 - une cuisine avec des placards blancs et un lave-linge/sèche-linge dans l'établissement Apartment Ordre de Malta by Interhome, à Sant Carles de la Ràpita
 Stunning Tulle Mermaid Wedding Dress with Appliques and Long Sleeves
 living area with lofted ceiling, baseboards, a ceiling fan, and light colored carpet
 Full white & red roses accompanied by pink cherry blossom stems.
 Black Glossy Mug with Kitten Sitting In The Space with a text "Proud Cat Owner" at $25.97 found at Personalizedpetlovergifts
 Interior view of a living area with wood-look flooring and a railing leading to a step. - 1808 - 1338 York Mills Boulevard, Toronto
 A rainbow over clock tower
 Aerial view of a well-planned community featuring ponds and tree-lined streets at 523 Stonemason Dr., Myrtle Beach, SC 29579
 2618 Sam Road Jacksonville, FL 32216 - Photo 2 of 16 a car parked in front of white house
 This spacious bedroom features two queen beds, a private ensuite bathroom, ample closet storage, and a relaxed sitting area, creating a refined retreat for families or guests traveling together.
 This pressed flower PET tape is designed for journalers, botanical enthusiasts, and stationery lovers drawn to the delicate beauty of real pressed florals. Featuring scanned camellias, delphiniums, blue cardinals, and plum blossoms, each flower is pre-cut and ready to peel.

-*-

● **To do**:
Give the number of lines in the records that contain the string "This", with no other output.

● **Exercise result**:
2